=== Exercise requirements ===
No pictures in the copy. Write out the listing below exactly.

________

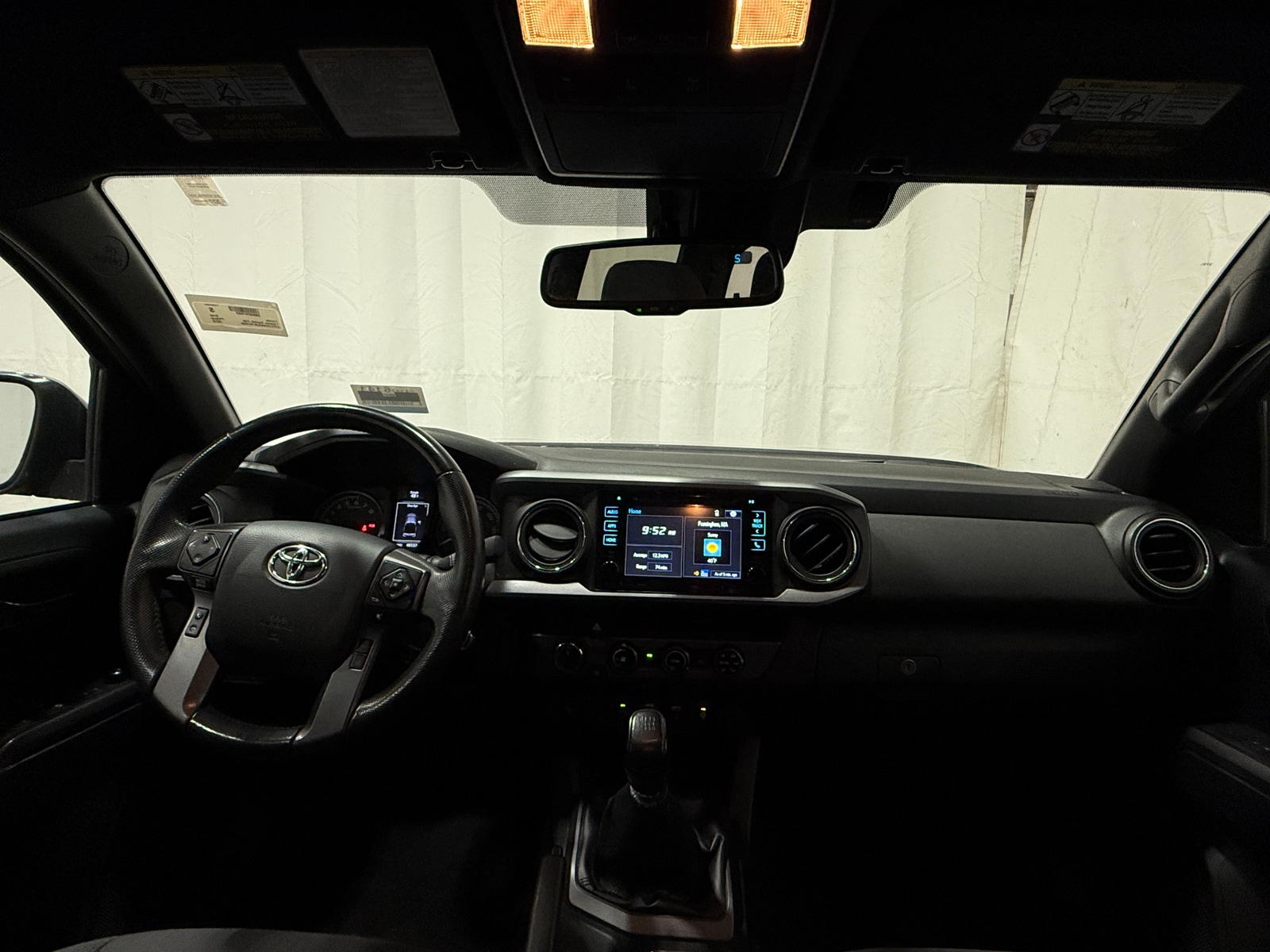 Thumbnail: 2018 Toyota Tacoma - 3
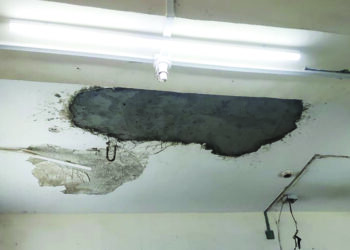 जिल्हा परिषदेच्या आरोग्य विभागात स्लॅब कोसळला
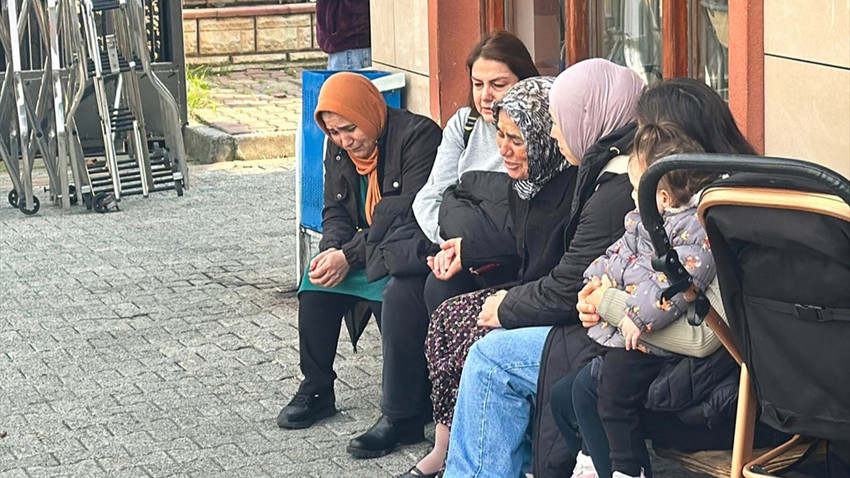 'Gıda zehirlenmesi' soruşturması: Otopside anne ve çocukların ölüm sebebi hakkında kanaate varılamadı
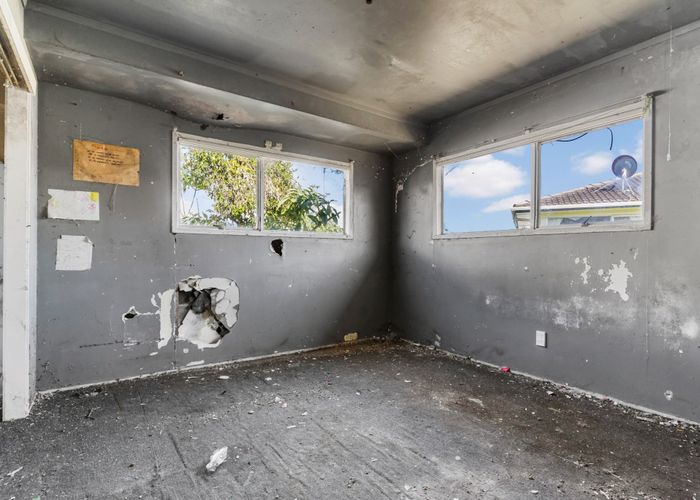  at 2/15 Moncrieff Avenue, Clendon Park, Auckland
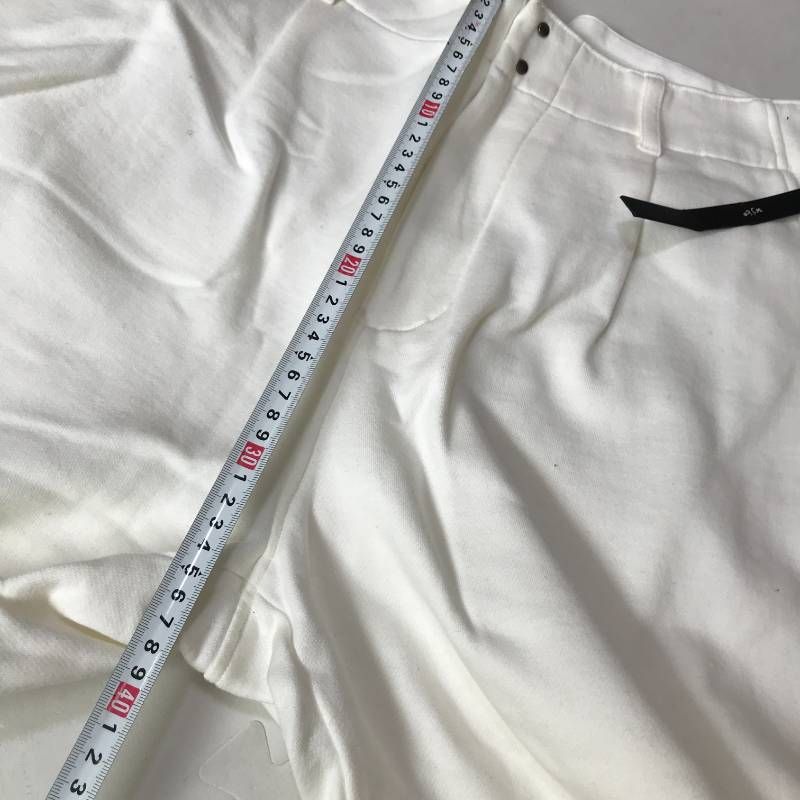 パンツ ホワイト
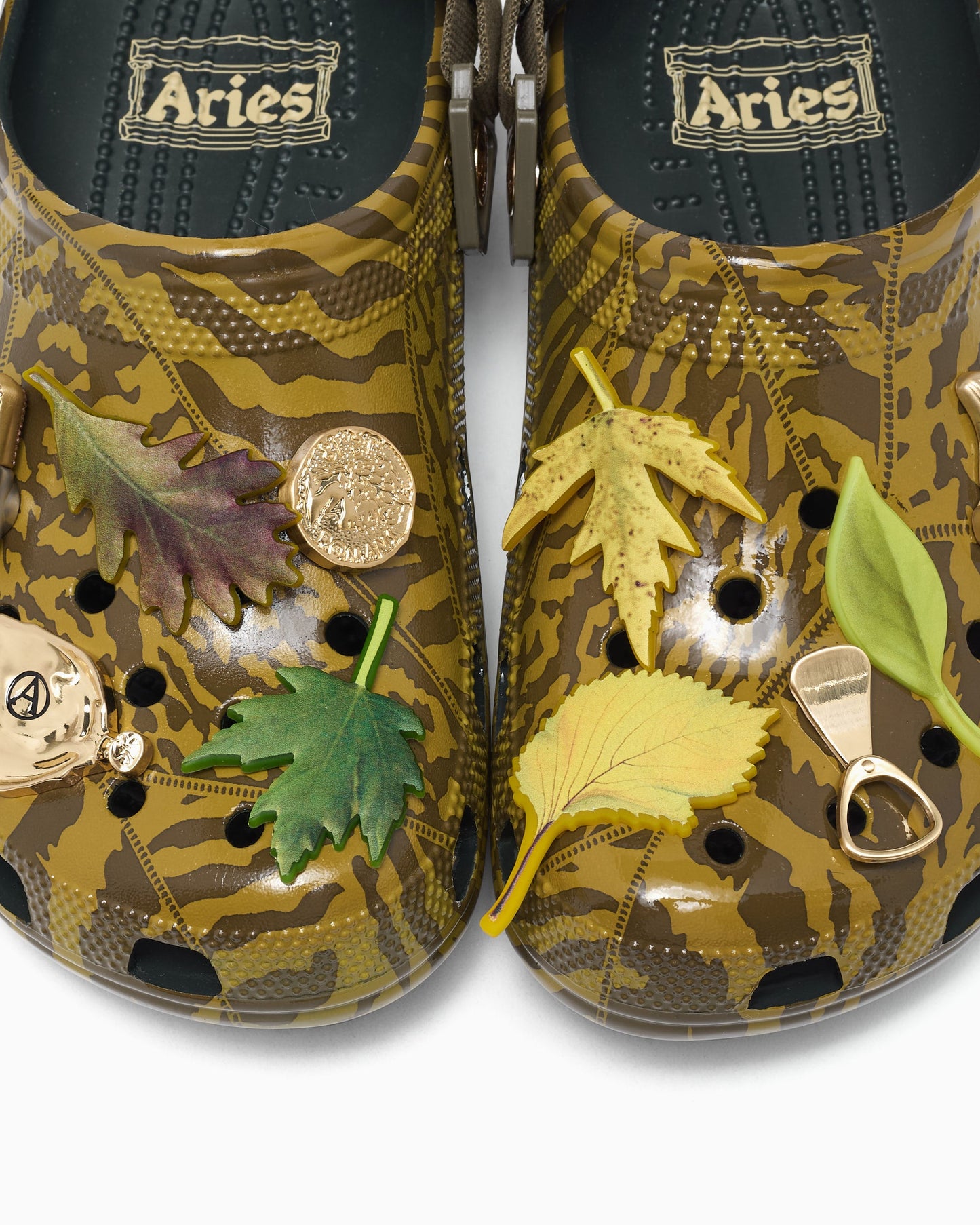 Crocs x ARIES Classic Clog U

________

=== Answer below ===
 Thumbnail: 2018 Toyota Tacoma - 3
 जिल्हा परिषदेच्या आरोग्य विभागात स्लॅब कोसळला
 'Gıda zehirlenmesi' soruşturması: Otopside anne ve çocukların ölüm sebebi hakkında kanaate varılamadı
  at 2/15 Moncrieff Avenue, Clendon Park, Auckland
 パンツ ホワイト
 Crocs x ARIES Classic Clog U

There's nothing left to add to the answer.